A report published by the National Audit Office on the CQC’s performance reveals how the CQC is searching through ‘around 6,000’ patient comments each month on websites including NHS Choices, Patient Opinion and its own site.
The CQC uses the negative comments – which includes all healthcare providers – to ‘identify risk in intelligent monitoring reports’, which ultimately contributes to how GP practices are prioritised for inspection, the report said.
When the CQC introduced intelligent monitoring for GP practices last November, the regulator did not state that it would use website posts, saying it would be based on QOF, the GP patient survey, HSCIC indicator portal, hospital episode statistics and an analysis of electronic prescribing analysis and costs.
And last year, the CQC’s chief inspector of general practice, Professor Steve Field, said the CQC put little stock into comments on patient websites, claiming that failing GP practices were creating false accounts and posting positive reviews on NHS Choices before their CQC inspection.
But the NAO’s report, published this week, stated: ‘Each month the Commission manually codes around 6,000 comments from the public on websites like NHS Choices, Patient Opinion and its own Share Your Experience.
‘It uses negative comments to identify risk in intelligent monitoring reports. Even at these volumes there are many providers with few or no comments, particularly for adult social care and GPs.’
The CQC’s GP intelligent monitoring scheme became marred in controversy after the regulator admitted that there was errors with the data it had used, and was forced to make revisions to the indicators.
In March this year, the CQC bowed to intense pressure from the GPC and RCGP to drop the ‘risk banding’ element of its intelligent monitoring scheme – after the regulator conceded that it recognised the public would have perceived the publication of the ‘risk bandings’ as a judgement of the quality of care.

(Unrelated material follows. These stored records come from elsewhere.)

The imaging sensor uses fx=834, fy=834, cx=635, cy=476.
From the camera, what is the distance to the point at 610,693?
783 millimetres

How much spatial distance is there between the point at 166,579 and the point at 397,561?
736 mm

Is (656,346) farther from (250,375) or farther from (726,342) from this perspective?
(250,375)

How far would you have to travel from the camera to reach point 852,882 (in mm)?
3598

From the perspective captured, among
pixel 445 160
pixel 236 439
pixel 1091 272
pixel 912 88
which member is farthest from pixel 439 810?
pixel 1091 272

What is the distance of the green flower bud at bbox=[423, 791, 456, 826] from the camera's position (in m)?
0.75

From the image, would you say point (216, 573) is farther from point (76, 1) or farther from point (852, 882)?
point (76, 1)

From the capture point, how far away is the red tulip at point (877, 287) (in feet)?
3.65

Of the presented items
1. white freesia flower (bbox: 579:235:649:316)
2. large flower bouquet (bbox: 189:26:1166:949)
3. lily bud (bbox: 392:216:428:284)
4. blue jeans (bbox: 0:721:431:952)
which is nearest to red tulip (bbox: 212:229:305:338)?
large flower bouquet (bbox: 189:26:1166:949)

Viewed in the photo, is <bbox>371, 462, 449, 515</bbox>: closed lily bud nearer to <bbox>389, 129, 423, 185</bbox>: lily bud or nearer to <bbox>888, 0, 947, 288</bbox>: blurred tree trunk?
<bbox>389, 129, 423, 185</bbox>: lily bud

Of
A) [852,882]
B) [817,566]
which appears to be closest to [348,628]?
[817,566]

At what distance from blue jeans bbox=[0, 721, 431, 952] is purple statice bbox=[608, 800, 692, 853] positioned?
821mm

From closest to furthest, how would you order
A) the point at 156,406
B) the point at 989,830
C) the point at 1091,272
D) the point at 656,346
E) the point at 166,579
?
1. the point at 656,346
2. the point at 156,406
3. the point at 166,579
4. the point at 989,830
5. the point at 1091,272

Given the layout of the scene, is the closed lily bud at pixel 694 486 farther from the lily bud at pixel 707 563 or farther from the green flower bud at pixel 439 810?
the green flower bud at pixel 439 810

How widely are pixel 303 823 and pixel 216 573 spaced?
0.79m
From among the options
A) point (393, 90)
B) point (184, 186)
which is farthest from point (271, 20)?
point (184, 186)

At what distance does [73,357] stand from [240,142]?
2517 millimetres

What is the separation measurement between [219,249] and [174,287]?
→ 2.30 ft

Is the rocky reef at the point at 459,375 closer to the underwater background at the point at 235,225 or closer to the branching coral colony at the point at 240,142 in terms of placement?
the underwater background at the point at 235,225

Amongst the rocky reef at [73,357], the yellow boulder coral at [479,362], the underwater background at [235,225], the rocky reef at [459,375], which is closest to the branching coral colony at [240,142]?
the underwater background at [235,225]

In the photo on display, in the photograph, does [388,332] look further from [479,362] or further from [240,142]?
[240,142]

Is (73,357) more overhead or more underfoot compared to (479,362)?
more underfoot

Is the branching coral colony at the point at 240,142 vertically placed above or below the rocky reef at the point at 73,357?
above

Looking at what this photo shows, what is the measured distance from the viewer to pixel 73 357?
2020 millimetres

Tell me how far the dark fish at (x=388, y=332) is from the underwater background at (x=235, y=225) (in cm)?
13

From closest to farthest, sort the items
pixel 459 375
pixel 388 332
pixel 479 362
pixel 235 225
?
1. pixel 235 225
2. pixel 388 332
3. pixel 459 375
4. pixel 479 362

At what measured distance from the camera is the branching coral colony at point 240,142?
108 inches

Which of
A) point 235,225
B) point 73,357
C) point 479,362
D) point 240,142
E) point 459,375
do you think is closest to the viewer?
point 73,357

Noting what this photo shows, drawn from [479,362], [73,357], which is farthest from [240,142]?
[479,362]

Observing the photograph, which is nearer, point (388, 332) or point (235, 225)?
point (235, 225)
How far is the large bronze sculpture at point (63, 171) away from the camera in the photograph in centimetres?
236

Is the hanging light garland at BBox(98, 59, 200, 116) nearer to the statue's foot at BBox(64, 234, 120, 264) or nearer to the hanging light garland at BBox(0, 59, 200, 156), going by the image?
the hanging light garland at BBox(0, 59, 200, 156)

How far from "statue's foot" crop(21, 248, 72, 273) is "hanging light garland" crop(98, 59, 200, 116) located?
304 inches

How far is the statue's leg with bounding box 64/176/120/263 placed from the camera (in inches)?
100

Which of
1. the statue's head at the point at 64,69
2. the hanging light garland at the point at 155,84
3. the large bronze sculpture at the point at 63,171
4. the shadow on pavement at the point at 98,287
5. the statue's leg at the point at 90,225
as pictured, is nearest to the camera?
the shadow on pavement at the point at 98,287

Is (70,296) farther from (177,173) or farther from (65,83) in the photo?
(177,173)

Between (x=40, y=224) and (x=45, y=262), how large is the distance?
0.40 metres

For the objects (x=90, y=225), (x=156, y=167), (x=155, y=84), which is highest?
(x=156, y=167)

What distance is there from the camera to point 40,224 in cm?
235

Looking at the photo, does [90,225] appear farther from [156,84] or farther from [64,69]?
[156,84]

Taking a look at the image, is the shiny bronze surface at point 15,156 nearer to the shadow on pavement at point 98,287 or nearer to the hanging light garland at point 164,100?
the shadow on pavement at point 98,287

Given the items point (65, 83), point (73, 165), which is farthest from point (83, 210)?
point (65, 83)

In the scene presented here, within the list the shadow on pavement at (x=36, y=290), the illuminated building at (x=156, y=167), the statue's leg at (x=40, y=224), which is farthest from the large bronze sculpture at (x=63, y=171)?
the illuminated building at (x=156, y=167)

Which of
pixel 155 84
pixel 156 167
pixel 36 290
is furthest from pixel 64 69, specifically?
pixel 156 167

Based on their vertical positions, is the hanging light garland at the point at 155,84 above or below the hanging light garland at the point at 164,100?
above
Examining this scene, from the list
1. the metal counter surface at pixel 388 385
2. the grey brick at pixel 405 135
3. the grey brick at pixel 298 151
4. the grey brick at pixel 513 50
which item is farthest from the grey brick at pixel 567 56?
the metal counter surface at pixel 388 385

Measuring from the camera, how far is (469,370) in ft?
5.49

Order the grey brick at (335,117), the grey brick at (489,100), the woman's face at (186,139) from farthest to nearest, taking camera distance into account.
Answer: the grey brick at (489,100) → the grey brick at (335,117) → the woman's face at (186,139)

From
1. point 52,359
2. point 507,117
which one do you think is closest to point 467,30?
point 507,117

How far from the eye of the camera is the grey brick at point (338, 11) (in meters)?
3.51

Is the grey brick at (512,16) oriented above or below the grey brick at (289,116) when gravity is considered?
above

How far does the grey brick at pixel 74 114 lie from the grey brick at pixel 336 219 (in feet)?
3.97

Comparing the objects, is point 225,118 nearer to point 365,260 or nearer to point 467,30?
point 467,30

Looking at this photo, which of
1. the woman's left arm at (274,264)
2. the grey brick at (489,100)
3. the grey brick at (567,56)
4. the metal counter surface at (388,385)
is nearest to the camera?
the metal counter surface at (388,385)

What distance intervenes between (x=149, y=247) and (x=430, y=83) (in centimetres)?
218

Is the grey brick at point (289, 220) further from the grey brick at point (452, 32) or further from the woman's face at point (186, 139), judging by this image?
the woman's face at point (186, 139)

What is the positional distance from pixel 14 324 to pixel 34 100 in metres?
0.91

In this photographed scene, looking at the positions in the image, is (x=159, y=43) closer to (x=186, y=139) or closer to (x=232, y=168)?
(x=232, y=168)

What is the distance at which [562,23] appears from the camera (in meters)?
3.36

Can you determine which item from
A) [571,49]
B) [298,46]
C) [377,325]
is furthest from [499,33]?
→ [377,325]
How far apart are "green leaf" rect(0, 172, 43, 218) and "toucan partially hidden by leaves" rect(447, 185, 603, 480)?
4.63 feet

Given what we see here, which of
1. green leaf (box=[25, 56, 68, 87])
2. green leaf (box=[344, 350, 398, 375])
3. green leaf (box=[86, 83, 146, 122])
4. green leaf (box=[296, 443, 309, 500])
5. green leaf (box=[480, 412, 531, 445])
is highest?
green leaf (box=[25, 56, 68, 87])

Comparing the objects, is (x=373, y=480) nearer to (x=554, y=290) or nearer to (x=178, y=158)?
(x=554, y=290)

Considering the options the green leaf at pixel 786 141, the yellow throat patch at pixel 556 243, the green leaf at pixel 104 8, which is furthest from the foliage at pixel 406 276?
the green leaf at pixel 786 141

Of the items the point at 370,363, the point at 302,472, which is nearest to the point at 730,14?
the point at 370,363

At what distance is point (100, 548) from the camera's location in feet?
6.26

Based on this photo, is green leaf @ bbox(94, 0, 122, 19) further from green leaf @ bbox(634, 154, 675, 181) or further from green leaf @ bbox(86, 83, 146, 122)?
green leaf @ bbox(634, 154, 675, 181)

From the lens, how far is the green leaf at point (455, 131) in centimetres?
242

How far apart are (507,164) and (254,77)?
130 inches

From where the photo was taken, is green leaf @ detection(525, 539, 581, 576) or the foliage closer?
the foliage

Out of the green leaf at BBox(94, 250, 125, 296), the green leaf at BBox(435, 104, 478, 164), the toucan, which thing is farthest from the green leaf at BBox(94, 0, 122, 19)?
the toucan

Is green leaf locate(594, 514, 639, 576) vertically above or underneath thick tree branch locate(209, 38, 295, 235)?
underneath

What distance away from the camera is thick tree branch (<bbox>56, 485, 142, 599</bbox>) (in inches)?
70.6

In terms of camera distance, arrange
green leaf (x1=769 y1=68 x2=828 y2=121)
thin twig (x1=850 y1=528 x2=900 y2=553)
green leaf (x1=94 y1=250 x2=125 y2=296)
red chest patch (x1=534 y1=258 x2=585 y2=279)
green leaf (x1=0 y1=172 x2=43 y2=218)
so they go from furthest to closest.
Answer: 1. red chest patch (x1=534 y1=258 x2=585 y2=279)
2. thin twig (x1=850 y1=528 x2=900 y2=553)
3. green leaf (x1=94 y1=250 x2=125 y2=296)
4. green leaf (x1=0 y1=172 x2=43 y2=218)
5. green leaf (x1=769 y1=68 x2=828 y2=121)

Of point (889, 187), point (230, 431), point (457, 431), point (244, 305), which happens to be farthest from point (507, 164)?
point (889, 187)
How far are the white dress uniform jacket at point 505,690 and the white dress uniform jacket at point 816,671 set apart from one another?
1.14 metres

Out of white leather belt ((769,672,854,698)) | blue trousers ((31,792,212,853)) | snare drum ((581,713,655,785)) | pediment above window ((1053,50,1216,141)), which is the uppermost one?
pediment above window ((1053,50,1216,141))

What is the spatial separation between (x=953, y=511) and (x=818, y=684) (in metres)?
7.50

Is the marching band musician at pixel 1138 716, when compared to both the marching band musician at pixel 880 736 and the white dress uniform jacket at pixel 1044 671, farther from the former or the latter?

The CQC has recently said that practices’ intelligent monitoring reports will be updated later in the summer, after the regulator insisted that it will change the language it has previously used ‘so that it does not imply a risk to patient safety.’
Dr Rob Barnett, secretary for Liverpool LMC told Pulse that if the CQC is going to gather negative comments on practices, it should include positive comments too, otherwise the process risks giving a false impression of the provider.
He added: ‘I think that if the CQC are specifically looking for patient comments, I would be hoping that they would be weighing negative against positive. It’s like Trip Advisor – if you look on NHS Choices, you do get positive comments and negative comments.
‘But the positive comments should outweigh the negative ones, because people often find it easy to put negative comments – but people go out of their way to put positive comments – so I believe that positive comments actually have more validity than negative ones.
‘If the CQC is only interested in one set of comments, I think it’s giving a false impression of the situation. I found nothing intelligent about CQC intelligent monitoring; it’s an abuse of the word intelligent.’
The NAO report also said that the CQC had ‘underestimated how long it would take to train staff and carry out inspections’ under its new inspection regime – which has subsequently seen the regulator defer the initial date it had planned to inspect all GP practices by nearly eight months to 1 October 2016.